Pier 1 Imports Inc. (PIR) is the latest in a growing list of retailers planning to close stores in order to survive a downturn in business.
The Fort Worth, Texas-based home decor and furniture retailer said it plans to close up to 25 stores in the next couple years to cut costs. Macy’s Inc. (M), J.C. Penney Co. Inc. (JCP), Gap Inc. (GPS) and Staples Inc. (SPLS) have also said recently that they will shutter stores to improve their outlook. (See also: J.C. Penney Recover Hits the Store-Closing Phase.)
But even as Pier 1 has been struggling with sales, it has already managed to pare down costs by roughly $5 million year over year, although that savings was partially offset by a $1 million in increase in marketing expenditures, including on television commercials. Pier 1 said it is also revamping its inventory to improve its product offerings.
“We’re dedicating greater resources to strategic categories, where we see the potential to drive sales at a higher growth rate than other merchandise areas,” said CFO Jeffrey Boyer in a call with analysts. “We’re also focusing on our top-selling collections, which allow us to realize efficiencies in marketing and inventory management and capitalize on expansion opportunities.

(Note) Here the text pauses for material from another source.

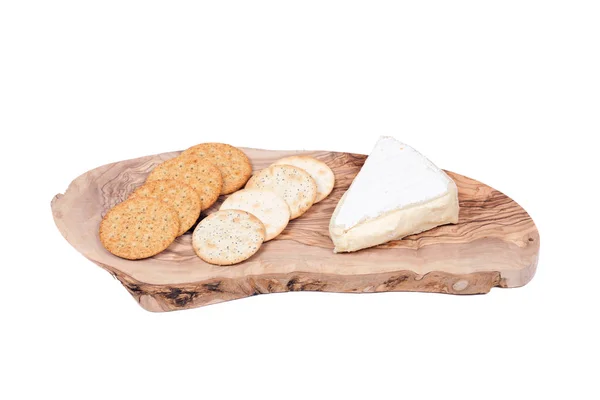 Miękkich dojrzałych brie sera i pszenicy krakersy — Zdjęcie stockowe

We’re continuing to emphasize newness across all categories.”
In other changes, Pier 1 recently landed a new CEO, Alasdair James, a former Kmart CEO and former Sears president and chief member officer. James starts May 1. Costs related to the CEO changeover also offset some of the $5 million in savings Pier 1 had secured.
Despite decided strides toward cutting costs and improving products, Pier 1 Imports stock was down 10 percent in Thursday’s session on its disappointing fourth quarter results. Same-store sales fell 0.2 percent, net sales fell 2.6 percent, and e-commerce sales rose 28 percent.